"""

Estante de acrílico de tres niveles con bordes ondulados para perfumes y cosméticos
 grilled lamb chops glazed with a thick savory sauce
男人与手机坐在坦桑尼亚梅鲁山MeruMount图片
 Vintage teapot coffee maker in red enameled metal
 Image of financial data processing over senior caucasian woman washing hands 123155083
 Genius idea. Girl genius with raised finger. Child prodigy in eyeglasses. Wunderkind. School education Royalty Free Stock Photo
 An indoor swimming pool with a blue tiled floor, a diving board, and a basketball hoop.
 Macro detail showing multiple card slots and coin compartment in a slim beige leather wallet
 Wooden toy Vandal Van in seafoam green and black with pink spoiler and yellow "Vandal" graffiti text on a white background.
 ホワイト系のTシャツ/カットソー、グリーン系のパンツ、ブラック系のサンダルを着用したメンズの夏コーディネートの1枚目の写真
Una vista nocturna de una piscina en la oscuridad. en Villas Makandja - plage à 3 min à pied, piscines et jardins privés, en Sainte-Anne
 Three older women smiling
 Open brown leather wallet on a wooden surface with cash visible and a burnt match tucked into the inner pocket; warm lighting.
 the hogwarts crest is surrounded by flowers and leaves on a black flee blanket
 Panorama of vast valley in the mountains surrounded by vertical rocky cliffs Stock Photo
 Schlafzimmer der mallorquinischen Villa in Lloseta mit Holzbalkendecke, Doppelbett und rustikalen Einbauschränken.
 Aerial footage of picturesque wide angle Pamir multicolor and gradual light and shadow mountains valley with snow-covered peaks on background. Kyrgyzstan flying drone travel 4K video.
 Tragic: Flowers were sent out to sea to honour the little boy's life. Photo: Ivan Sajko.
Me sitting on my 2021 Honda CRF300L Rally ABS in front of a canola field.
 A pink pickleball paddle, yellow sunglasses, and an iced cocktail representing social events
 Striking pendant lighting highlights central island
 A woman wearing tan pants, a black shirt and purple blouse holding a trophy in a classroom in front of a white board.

"""

- Task goal
Using the material above, return every line that holds the string "yellow".

- Response for this exercise
 Wooden toy Vandal Van in seafoam green and black with pink spoiler and yellow "Vandal" graffiti text on a white background.
 A pink pickleball paddle, yellow sunglasses, and an iced cocktail representing social events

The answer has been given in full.